**What the task asks:** Write down exactly the lines from the one below that has "Chisel Stainless Steel" to the end of the data, both ends included; the pictures should not appear in your copy.

**Raw data:**
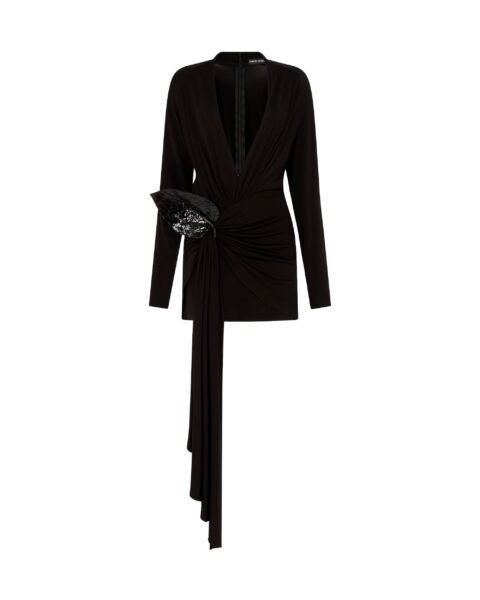 David Koma Draped Hem And Leather Flower Mini Dress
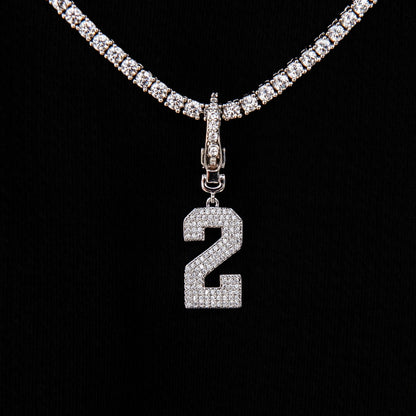 Micro Pave Number Clip On Pendants in White Gold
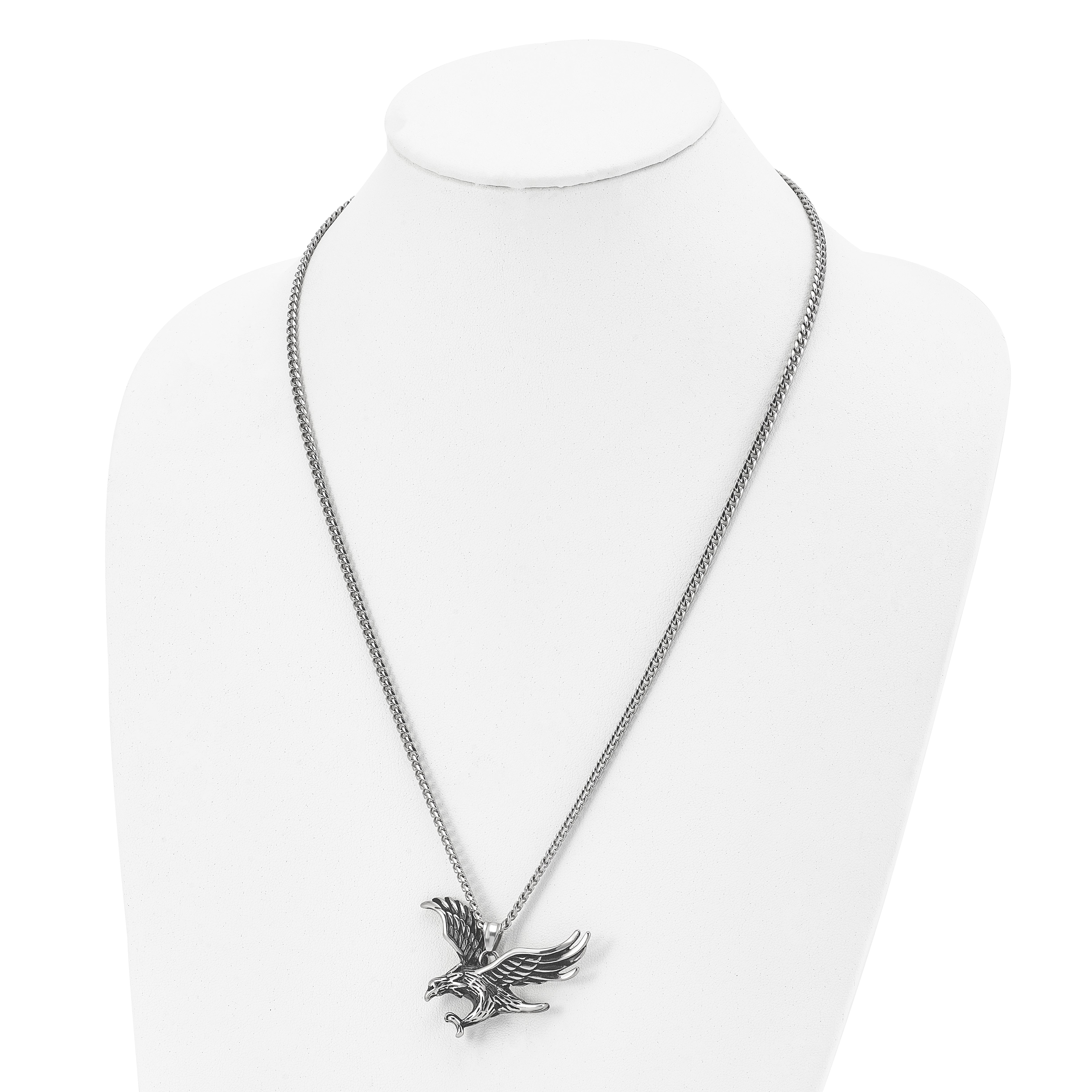 Chisel Stainless Steel Antiqued and Polished Eagle Pendant on a 24 inch Curb Chain Necklace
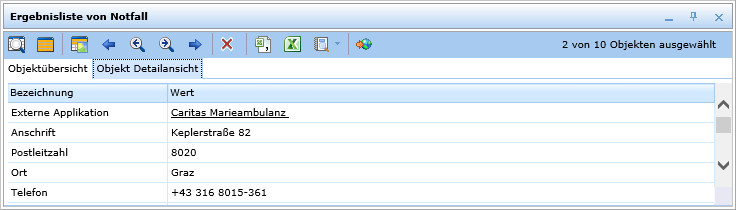 Objekt Detailansicht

**Response:**
 Chisel Stainless Steel Antiqued and Polished Eagle Pendant on a 24 inch Curb Chain Necklace
 Objekt Detailansicht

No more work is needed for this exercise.